The devices include flight plans, instrument plates, aviation maps, and weather displays and warnings.
Using a tablet has great advantages over the previous GPS-based handheld systems. But they’re not a replacement for existing proper systems, even as GPS navigation systems come on line across the world – the GNSS services. Most of the apps available now are really just tablet friendly versions of existing technology, there’s nothing really new.
A quick update on the law. Only a handful of airports in South Africa are GNSS legal. So don’t leave your paper charts behind just yet. The tablet is really just a redundancy. It offers a backup to your existing instruments. But like everyone flying, the GPS services are more than useful. They’ve become vital.
EFB’s or Electronic Flight Bags are permitted, but if you have an incident and were found to have been flying exclusively on these services – there’s a problem with insurance for a start.
The Flight Regulations (section 91.21 in the US for example) requires a verification procedure that ensures the system won’t interfere with your existing comms and nav systems onboard.
As with all new uses, the CAA has its views and they take time to circulate. For one, you’ll need current charts uploaded to your tablet. That’s the easy part, Garmin and other services are constantly updating their charts for users and this is the advantage over print. In Garmin’s case, its every month.
You’ll need to have a hardcopy chart with you as a backup. And if you’re smart, you’ll continue to scan both for signs of inaccuracies.
That’s where the Cirrus scores.
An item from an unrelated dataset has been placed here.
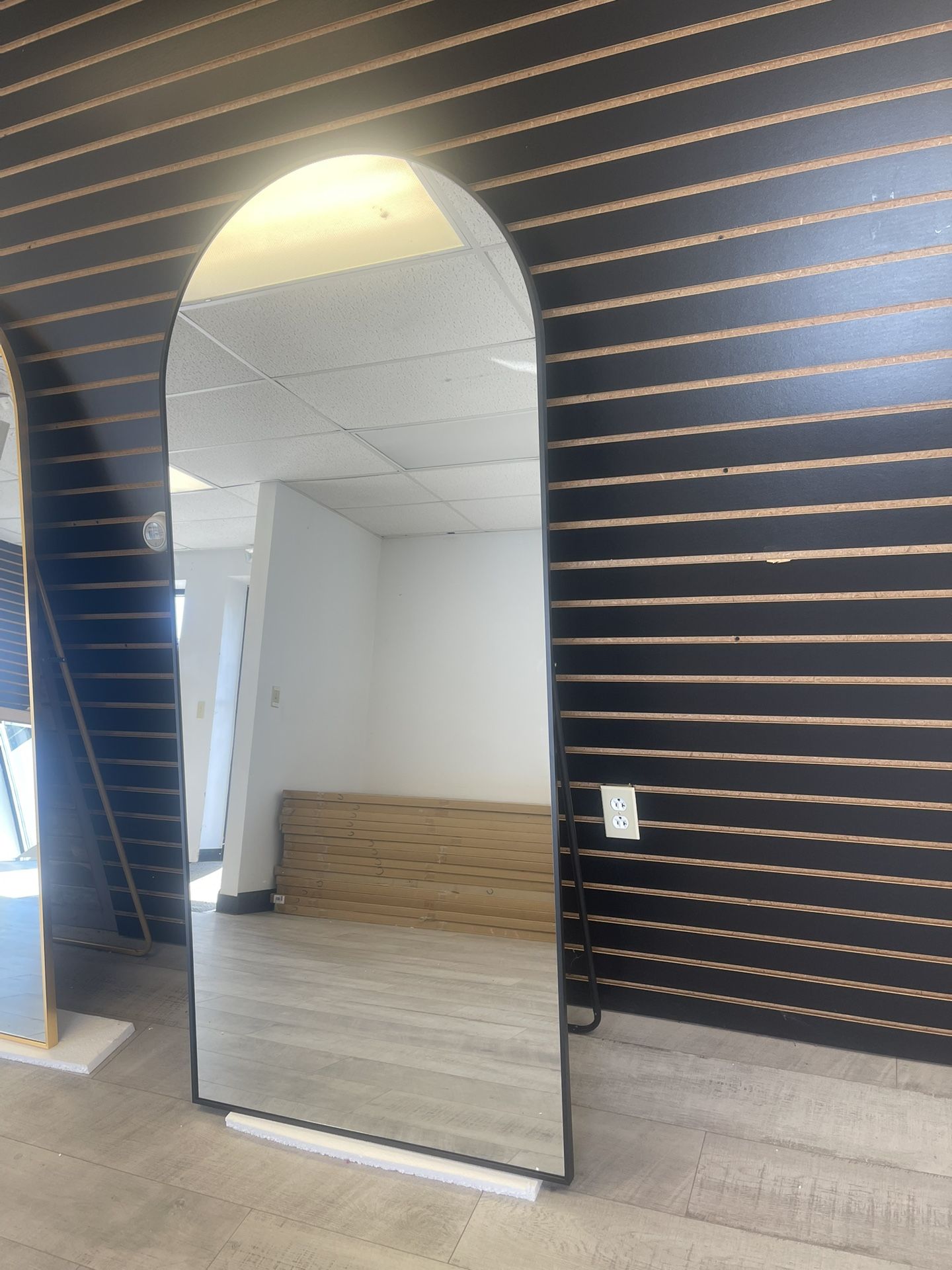 Arched Mirror With Stand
It already has 3 other GPS systems on board. One built into the Avidygn computer display, and two on the onboard Garmin comms and navigation hardware. So bringing your iPad along is just another computer screen to glance at.
The battery life on a Tablet is around 8 hours if you’re using it to display GPS constantly. Which means its fine for general aviation – no extra power required. Just make sure your iPad is recharged.
And lastly, a bracket. You need a way to lock down the tablet either on your knee, or in a heads’ up position. But the major concern when doing this is to ensure that the iPad does not affect the compass.
There’s the instrument panel simulator – similar to the Garmin instrument panel which I’ve used on my handheld 196. But I’m still going to fly with a folded chart and knee board.